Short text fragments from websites
*** Block opens ***
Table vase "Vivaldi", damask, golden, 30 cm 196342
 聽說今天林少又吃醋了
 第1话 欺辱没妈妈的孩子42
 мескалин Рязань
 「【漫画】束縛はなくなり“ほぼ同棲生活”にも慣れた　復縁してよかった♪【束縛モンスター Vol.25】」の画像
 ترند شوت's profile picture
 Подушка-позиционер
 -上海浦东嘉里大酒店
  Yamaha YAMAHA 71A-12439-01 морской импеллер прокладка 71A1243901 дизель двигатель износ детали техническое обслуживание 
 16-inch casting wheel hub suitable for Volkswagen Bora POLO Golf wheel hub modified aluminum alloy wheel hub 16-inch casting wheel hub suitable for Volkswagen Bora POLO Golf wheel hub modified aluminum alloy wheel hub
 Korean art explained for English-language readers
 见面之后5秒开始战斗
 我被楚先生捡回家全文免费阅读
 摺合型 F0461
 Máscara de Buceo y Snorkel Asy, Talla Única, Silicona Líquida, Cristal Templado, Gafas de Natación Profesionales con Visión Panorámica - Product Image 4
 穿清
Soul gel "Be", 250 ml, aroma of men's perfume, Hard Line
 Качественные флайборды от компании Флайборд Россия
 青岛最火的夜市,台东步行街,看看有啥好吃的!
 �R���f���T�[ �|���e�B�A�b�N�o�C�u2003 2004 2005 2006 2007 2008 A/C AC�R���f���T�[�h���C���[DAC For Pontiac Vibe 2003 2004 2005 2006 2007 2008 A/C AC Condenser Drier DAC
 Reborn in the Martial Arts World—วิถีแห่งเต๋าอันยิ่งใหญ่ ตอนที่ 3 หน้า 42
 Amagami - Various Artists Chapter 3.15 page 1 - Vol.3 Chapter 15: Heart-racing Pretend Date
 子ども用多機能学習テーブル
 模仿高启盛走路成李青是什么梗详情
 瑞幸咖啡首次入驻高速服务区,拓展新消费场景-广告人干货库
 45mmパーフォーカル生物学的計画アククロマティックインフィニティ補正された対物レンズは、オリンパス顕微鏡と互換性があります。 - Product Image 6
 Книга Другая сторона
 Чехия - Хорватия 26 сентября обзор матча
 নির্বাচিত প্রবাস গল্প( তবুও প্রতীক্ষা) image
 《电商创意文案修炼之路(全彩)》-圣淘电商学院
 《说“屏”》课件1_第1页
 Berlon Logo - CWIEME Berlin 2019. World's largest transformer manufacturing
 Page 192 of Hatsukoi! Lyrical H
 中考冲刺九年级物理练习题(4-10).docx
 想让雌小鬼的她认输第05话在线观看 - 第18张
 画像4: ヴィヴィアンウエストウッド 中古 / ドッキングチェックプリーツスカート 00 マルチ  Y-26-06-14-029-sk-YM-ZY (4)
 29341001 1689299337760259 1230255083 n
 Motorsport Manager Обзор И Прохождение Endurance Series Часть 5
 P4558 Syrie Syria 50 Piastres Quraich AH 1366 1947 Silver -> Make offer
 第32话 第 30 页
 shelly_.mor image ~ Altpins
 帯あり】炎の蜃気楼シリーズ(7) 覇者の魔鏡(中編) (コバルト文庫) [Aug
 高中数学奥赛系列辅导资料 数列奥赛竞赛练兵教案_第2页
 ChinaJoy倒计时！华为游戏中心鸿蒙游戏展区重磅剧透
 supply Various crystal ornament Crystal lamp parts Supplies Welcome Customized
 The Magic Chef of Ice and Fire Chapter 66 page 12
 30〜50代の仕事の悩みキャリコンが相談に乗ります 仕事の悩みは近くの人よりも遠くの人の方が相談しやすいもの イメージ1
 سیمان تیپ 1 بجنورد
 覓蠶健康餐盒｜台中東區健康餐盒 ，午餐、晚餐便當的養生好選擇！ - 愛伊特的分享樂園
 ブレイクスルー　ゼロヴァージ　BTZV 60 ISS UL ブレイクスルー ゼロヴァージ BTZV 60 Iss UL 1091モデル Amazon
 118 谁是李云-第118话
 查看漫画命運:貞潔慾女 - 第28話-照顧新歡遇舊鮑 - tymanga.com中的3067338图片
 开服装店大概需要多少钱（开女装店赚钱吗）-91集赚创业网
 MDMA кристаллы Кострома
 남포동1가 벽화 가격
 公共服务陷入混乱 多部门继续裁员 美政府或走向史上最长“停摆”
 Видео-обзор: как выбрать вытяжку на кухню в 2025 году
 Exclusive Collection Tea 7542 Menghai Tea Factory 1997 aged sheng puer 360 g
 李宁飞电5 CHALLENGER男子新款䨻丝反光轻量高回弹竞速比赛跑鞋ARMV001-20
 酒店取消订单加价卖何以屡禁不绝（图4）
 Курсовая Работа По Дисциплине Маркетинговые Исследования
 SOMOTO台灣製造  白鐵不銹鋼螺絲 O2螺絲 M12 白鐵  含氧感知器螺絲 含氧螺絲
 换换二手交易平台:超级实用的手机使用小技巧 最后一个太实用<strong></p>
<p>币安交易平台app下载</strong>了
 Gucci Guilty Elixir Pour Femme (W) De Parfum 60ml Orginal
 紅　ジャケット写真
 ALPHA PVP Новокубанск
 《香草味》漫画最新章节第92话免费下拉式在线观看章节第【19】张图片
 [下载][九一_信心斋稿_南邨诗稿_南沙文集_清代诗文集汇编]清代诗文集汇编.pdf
*** Block closes ***
= Description of the task =
With the string "strong" as the key, filter the data above and show the lines that match.

= Problem solution =
 换换二手交易平台:超级实用的手机使用小技巧 最后一个太实用<strong></p>
<p>币安交易平台app下载</strong>了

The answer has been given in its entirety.